France

Accident de Millas: peine alourdie requise en appel contre une conductrice "indisciplinée"

La carcasse d'un car scolaire heurté par un train, le 15 décembre 2017 à Millas, dans les Pyrénées-Orientales, au lendemain de l'accident

© RAYMOND ROIG, AFP - La carcasse d'un car scolaire heurté par un train, le 15 décembre 2017 à Millas, dans les Pyrénées-Orientales, au lendemain de l'accident

Deux ans de prison ferme, contre un an en première instance: le parquet a requis jeudi une peine alourdie contre la conductrice du car scolaire heurté par un train à Millas (Pyrénées-Orientales) en 2017, dénonçant son "indiscipline" ayant conduit à la mort de six collégiens.

L'avocat général Franck Lagier a aussi demandé à la Cour d'appel d'Aix-en-Provence d'assortir la condamnation de Nadine Oliveira à 5 ans de prison, dont deux ans ferme, d'une annulation de tous ses permis de conduire et d'une interdiction de les repasser pendant cinq ans, ainsi que d'une interdiction d'exercer toute activité dans le secteur des transports.

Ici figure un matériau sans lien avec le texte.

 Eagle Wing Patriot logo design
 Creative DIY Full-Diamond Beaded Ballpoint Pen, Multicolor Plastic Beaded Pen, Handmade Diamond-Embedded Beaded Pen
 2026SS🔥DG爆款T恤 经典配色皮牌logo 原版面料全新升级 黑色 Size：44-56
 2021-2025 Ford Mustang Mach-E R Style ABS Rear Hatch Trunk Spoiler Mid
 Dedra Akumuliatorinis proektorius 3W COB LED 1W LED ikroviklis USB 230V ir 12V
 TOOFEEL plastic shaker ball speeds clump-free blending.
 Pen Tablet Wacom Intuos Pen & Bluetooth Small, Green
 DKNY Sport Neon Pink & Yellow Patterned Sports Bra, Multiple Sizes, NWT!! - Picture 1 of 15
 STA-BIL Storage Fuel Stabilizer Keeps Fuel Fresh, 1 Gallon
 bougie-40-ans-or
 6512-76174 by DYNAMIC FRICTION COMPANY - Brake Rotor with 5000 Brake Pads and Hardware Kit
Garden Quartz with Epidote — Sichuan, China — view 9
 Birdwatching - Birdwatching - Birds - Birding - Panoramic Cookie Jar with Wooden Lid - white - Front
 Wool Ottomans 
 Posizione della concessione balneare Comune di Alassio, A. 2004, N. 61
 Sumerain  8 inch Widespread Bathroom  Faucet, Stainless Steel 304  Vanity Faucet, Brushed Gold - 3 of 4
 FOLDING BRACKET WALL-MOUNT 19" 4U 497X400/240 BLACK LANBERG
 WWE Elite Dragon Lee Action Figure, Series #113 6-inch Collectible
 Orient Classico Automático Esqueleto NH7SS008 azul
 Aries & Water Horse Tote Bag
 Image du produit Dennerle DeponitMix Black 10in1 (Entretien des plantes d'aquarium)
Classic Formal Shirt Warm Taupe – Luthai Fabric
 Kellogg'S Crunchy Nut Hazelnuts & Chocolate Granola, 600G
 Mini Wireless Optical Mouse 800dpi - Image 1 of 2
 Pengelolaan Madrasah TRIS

Nadine Oliveira "a imposé un procès d'appel aux parties civiles qu'elle ne s'est elle-même pas imposé", a dénoncé l'avocat général, reprenant les mots d'un avocat des parties civiles. Victime d'un malaise à l'audience au troisième jour du procès en appel, Nadine Oliveira, qui a maintenu contre témoignages et expertises que les barrières du passage à niveau où s'est produit l'accident étaient levées, n'a en effet plus été en mesure d'assister à son procès depuis le 10 octobre.

Après avoir décortiqué le parcours professionnel de la conductrice, mais aussi la journée du 14 décembre 2017 avant l'accident, qui a fait six morts et 17 blessés, dont plusieurs avec de très lourdes séquelles, Franck Lagier a conclu: "J'ai la conviction que madame Oliveira, une conductrice indisciplinée et inexpérimentée, a franchi ce passage à niveau sans aucune attention à ces barrières".

Il a mis en avant l'inexpérience de la conductrice, qui avait "fini par obtenir son permis après trois tentatives", et avec la "note minimale" pour le décrocher.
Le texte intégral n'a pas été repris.